Yeah, yeah, yeah, that’s OH SO SAD. Mean mother denies child treats. What monster does this to her own daughter? ME. THAT’S WHAT MONSTER. I don’t mind the occasional treat, that’s not what this is about. This is about the constant negotiating during meals when I would much rather be enjoying my spaghetti. This is about teaching her to eat when she’s hungry and stopping when she’s full. This is also very much about making her suffer.
When I confronted Leta about the ice cream cone, something I found out about because my mother’s urge to rub it in my face far outweighed her loyalty to her grandchild, Leta didn’t say a word, she just looked up at me like a rabbit flipped over on its back by a wolf. I told her it was okay, not to worry, she’s allowed to have a treat now and then, and I asked her if she enjoyed it. “Yes, Mama,” she said, quickly regaining her footing. Smiling broadly she continued, “Does ‘now and then’ mean tonight?”
Earlier this week we got notice that her school Halloween party was going to be held today, and yesterday I found out that I needed to prepare a couple dozen cookies. This is one facet of parenthood that I have mastered, The Cookie Platter, and because of this I can forgive myself for all the other things I’m not so good at, like sewing clothes or building things out of Legos or pretending that Daddy has any idea what he’s talking about. Leta can always be confident in the fact that when I send of plate of cookies with her to school that she will walk in the door and all the kids will be nudging each other going DUDE. LETA’S MOM MADE COOKIES. Which will be a welcome change from DUDE. LETA’S MOM IS WEARING THE SAME SHIRT SHE WORE YESTERDAY.

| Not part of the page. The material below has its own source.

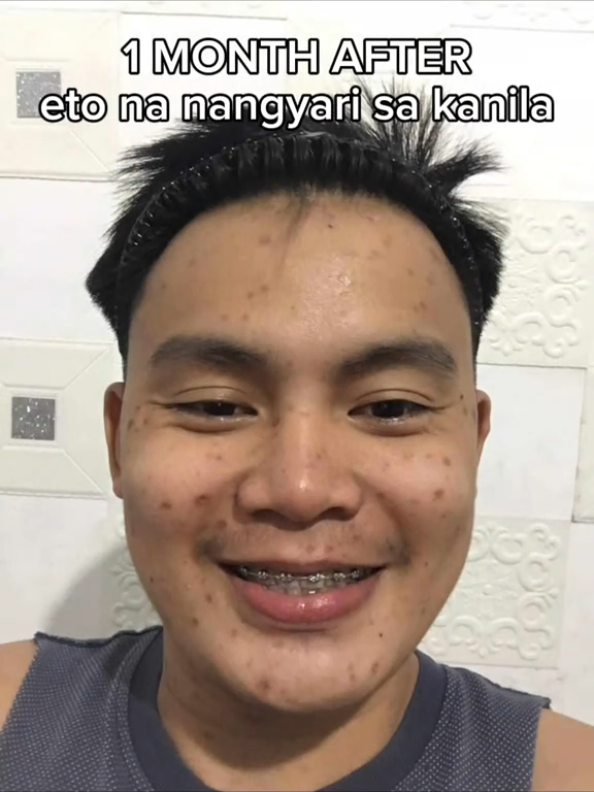 Di mo makikita ang effect kung hindi mo SUSUBUKAN 😍 watch mo tong videong ito! :) #BTY #BTYAdvance #YourGlowOurGoal #BTYfeedbacks #proven #Legit #btyinstaglow #btyovernightmask #peklatnomore #peklatremover #scar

My secret is easy: do not follow the instructions on the back of the package. Hell no, they’re not made from scratch, they’re just removed from the oven about five minutes before they’re fully-cooked and then left to finish cooking on the pan. Leta loves this recipe, and last night when I removed the first batch from the oven she was suddenly standing next to me in the kitchen having appeared out of nowhere. “What are those?” she asked, not knowing if she should beg for one or pretend that she didn’t need one. I told her they were cookies for her Halloween party, and because it was a special occasion we were all going to eat one after dinner. I got the feeling that she didn’t trust me, and in as calm and deliberate a tone as she could muster she said, “Well then, I think it would be a good idea if we all had dinner right now.”

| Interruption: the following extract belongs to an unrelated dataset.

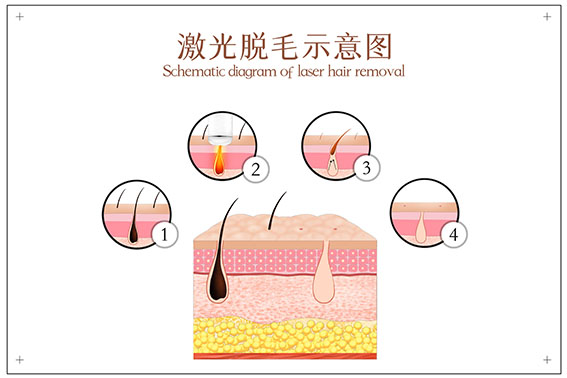 摄图网_401803180_banner_激光脱毛示意图（非企业商用）.jpg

Another upside of removing treats? Getting to see the glee in her face when she’s allowed to eat one. After dinner I handed her the biggest cookie from the batch, and she was so excited she couldn’t keep her fingers still. “Leta,” I said as she carefully balanced the cookie between two trembling hands, “do you know how much I love you?”
She nodded enthusiastically, took a bite full of chocolate chips and mumbled through a mouth full of crumbs, “Can you be quiet? I’m eating a cookie.”